Outside of the WNBA, Hall played basketball in Israel and Turkey (1999-2000 for Brisaspor and 2001-2002 for Fenerbahçe Istanbul) during the early 2000s. From 2003 to 2006, Hall played on multiple Italian teams in the Lega Basket Femminile. While in Italy, Hall and her team were part of the final four in 2006. Hall went to France for the 2006–07 EuroLeague Women season where she had 77 rebounds and 155 points. Hall returned to the Lega Basket Femminile in 2007 and remained with the league until 2008. With the LBF, Hall scored 1,958 overall points between four teams.

===Coaching career===
Between 2002 and 2003, Hall coached in Israel as the interim women's basketball head coach for Bank Leumi. After ending her playing career in 2009, Hall became an assistant coach for Miami University in Oxford, Ohio. She remained at Miami until she continued her assistant coaching career with the University of New Mexico's women's basketball team in 2011. After transferring to the University of Toledo in 2012, Hall worked as an associate head coach for their women's basketball team from 2012 to 2017.
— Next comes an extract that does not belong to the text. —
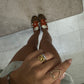 SET ANELLO CATENA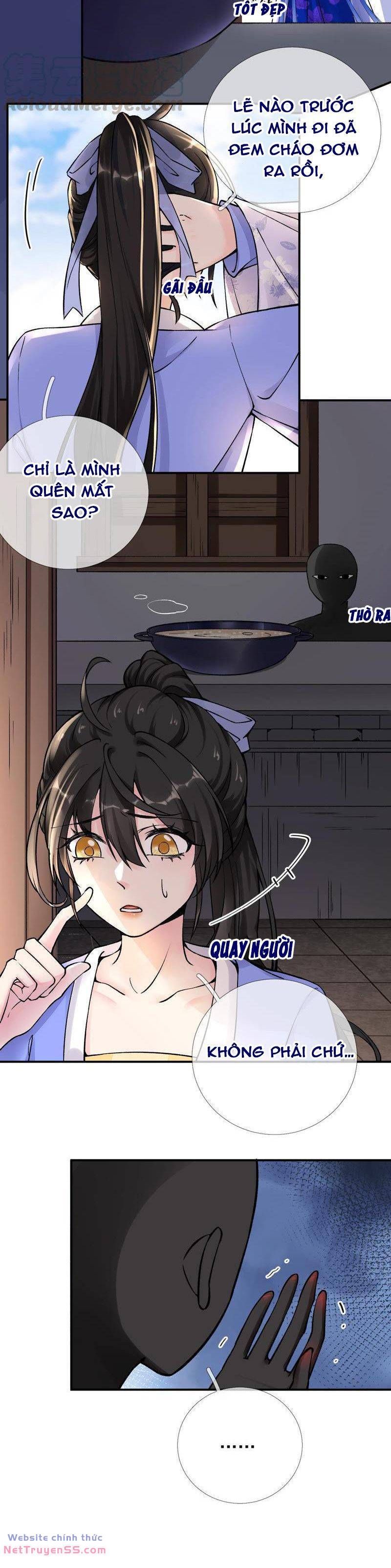 Xuyên Về Cổ Đại Làm Nữ Phụ Vô Dụng Chapter 18 - 15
In March 2018, Hall became the head coach of the Indiana State Sycamores women's basketball team. At the Missouri Valley Conference women's basketball tournament, Hall's team was in the first round during 2019. Indiana State also competed in the tournament's first round during 2021. After leaving Indiana State in March 2021, Hall had 21 wins and 59 losses. The following month, Hall was hired by the Indiana Fever as an assistant coach.

==Honors==
In 1988, Hall was named Indiana Miss Basketball. That year, she was also the recipient of the Naismith Prep Player of the Year Award and Gatorade High School Basketball Player of the Year Award. During 1989, Hall was on The Associated Presss Indiana Players of the '80s list. In 1990, Hall was in the top ten for the most points scored by a girls basketball player in Indiana.

For the Southwest Conference, Hall was their Newcomer of the Year for 1989. During 1990, she was named All-Southwest Conference. Additional All-Southwest selections for Hall were in 1991 and 1993. With the University of Texas, Hall was named Most Valuable Player on the women's basketball team in 1990. In 2013, Hall was named to the Silver Anniversary Team by the Indiana Basketball Hall of Fame. Years later, she was inducted into the Indiana Basketball Hall of Fame in 2015. In 2018, Hall was inducted into the University of Texas at Austin Hall of Honor. She joined the Indiana Sports Hall of Fame during 2023.